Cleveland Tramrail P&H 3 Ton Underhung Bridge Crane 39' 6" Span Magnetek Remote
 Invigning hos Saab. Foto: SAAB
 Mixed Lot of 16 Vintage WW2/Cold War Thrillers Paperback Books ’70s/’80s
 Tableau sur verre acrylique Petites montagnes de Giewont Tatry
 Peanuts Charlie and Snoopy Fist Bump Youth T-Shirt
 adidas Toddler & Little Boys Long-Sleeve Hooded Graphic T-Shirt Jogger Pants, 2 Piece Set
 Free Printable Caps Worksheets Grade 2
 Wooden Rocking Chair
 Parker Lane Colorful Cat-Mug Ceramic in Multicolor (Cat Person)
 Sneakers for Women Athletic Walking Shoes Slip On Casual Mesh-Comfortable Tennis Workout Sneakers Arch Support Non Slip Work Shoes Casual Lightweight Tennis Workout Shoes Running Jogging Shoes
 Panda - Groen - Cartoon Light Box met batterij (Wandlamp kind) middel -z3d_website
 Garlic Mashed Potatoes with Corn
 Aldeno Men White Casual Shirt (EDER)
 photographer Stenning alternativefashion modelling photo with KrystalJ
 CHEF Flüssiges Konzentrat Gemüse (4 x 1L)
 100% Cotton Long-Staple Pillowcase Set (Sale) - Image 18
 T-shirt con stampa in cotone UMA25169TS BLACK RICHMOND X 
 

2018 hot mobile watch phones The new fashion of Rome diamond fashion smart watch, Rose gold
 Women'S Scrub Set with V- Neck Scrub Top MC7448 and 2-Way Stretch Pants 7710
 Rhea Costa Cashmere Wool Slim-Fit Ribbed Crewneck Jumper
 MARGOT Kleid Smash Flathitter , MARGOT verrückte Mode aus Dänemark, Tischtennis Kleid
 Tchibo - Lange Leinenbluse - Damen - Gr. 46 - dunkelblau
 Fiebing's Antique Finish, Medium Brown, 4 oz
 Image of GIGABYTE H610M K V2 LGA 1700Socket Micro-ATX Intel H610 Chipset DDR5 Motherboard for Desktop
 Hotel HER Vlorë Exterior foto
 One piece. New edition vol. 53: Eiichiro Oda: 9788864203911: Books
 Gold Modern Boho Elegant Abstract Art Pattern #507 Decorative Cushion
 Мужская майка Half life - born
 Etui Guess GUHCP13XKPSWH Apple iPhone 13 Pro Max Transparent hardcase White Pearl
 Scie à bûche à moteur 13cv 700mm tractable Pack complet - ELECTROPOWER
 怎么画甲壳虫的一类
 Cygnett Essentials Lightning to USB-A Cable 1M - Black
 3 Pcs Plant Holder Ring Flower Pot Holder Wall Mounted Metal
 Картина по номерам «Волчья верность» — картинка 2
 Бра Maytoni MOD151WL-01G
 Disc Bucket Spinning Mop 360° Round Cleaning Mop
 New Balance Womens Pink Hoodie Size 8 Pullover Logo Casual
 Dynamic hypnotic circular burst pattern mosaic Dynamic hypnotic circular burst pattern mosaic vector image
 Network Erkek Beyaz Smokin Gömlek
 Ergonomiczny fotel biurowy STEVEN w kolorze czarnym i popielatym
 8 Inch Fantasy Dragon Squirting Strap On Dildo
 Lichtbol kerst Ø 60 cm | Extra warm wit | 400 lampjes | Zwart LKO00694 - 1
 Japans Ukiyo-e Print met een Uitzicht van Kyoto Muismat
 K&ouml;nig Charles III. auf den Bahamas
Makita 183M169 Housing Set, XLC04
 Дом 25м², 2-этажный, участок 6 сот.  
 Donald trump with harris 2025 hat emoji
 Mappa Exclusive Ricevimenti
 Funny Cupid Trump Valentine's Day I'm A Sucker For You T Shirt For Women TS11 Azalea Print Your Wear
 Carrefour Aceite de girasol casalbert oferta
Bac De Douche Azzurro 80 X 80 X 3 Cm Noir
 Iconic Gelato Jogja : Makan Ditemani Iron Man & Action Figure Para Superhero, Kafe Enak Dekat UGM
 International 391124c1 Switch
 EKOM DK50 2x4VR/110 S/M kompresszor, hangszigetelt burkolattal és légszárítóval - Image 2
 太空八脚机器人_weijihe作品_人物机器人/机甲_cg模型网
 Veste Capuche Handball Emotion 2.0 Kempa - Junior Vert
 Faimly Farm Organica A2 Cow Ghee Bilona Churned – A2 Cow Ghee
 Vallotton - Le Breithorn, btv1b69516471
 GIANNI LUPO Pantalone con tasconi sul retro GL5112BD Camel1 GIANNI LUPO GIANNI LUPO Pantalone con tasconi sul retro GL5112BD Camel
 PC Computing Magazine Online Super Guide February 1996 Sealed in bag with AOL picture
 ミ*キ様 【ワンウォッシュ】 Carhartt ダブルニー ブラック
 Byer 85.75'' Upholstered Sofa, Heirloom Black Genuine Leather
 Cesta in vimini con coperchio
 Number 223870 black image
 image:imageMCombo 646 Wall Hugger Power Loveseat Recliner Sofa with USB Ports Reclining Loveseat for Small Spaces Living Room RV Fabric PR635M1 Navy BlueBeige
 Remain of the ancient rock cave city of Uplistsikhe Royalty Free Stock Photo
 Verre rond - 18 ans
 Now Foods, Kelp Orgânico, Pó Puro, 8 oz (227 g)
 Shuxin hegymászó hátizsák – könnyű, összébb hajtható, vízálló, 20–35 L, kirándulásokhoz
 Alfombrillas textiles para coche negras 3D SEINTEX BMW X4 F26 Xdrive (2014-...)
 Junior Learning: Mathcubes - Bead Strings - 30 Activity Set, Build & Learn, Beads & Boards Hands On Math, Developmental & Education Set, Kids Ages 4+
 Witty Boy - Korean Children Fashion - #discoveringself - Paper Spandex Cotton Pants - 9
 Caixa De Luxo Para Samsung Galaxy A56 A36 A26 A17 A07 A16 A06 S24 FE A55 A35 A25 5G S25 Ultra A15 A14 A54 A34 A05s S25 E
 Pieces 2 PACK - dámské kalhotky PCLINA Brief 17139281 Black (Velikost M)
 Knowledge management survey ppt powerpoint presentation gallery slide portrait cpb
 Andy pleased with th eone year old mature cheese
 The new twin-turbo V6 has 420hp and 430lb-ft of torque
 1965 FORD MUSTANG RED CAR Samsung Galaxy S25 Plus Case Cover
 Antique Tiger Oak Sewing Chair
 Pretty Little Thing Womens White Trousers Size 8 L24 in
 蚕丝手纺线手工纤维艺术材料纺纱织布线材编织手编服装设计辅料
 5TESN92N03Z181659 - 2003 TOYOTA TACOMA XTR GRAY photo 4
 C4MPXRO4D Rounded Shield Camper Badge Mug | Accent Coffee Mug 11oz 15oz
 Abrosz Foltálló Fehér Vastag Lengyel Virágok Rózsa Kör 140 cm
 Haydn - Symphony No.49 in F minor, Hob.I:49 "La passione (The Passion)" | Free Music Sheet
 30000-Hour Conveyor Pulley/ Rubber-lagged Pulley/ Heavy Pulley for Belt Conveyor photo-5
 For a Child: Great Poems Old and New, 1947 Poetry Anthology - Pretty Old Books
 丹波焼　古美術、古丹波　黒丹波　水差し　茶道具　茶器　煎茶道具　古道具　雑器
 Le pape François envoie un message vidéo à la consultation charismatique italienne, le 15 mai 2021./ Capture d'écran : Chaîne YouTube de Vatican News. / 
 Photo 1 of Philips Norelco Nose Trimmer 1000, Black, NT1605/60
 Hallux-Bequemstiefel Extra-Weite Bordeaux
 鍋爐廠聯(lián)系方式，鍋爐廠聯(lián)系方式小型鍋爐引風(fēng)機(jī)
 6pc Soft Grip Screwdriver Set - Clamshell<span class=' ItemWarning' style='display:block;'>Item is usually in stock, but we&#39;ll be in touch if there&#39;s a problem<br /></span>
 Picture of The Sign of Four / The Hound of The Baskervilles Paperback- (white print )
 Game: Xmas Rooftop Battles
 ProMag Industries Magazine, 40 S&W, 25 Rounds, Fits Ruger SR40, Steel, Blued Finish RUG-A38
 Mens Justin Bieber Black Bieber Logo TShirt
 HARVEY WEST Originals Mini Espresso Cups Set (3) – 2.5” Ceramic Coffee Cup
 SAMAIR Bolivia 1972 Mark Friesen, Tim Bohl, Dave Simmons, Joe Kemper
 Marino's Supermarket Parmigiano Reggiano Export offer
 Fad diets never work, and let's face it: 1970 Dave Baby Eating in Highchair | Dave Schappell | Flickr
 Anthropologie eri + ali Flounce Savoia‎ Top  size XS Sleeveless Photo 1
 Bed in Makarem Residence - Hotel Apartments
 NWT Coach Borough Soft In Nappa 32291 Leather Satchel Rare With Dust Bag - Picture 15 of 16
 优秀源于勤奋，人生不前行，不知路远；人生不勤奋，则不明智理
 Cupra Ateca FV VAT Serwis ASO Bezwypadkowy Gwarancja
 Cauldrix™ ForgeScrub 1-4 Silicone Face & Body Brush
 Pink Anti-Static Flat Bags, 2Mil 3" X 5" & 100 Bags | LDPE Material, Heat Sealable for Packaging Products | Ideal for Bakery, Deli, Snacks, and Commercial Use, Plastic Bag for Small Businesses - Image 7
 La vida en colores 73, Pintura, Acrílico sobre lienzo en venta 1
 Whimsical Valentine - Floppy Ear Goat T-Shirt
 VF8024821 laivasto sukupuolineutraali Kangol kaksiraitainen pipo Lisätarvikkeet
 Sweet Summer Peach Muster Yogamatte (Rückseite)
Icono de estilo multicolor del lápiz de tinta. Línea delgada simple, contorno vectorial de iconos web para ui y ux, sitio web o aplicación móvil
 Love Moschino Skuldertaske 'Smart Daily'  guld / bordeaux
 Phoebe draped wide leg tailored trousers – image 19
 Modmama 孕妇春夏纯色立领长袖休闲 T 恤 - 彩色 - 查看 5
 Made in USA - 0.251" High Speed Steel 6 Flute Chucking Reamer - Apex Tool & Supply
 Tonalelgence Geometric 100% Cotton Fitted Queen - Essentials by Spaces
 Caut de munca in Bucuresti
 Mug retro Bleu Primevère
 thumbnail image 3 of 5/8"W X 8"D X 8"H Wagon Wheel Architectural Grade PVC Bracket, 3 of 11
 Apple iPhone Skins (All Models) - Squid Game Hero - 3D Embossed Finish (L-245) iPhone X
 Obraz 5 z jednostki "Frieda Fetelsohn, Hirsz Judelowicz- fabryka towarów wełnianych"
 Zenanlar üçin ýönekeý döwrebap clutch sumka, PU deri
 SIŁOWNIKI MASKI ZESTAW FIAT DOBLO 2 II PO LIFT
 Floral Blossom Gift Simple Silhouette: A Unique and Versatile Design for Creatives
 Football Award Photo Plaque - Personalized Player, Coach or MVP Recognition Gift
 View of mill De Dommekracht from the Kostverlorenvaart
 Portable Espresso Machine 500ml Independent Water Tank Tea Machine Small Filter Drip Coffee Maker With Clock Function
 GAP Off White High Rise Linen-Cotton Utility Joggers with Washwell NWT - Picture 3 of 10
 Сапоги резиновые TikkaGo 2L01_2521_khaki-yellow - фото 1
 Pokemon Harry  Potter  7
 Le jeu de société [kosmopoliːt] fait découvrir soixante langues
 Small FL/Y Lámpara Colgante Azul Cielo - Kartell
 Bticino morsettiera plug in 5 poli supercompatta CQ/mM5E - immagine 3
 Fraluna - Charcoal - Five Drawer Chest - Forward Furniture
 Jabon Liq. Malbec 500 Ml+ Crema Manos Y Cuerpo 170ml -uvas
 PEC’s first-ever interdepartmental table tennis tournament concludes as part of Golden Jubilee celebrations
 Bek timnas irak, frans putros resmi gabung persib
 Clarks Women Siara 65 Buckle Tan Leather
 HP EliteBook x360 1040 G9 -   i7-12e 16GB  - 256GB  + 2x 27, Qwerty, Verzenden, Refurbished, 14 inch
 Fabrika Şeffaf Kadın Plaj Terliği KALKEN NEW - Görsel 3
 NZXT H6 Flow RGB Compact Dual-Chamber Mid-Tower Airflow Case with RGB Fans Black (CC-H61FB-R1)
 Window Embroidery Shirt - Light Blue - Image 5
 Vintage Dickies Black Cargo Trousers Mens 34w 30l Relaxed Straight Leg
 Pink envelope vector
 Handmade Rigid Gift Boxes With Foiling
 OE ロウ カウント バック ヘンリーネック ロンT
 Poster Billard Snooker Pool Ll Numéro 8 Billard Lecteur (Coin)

*****

■ YOUR TASK
Only the lines from the beginning of the material through the line with "Free Printable Caps Worksheets Grade 2" should appear in the answer, each copied exactly.

■ PROBLEM SOLUTION
Cleveland Tramrail P&H 3 Ton Underhung Bridge Crane 39' 6" Span Magnetek Remote
 Invigning hos Saab. Foto: SAAB
 Mixed Lot of 16 Vintage WW2/Cold War Thrillers Paperback Books ’70s/’80s
 Tableau sur verre acrylique Petites montagnes de Giewont Tatry
 Peanuts Charlie and Snoopy Fist Bump Youth T-Shirt
 adidas Toddler & Little Boys Long-Sleeve Hooded Graphic T-Shirt Jogger Pants, 2 Piece Set
 Free Printable Caps Worksheets Grade 2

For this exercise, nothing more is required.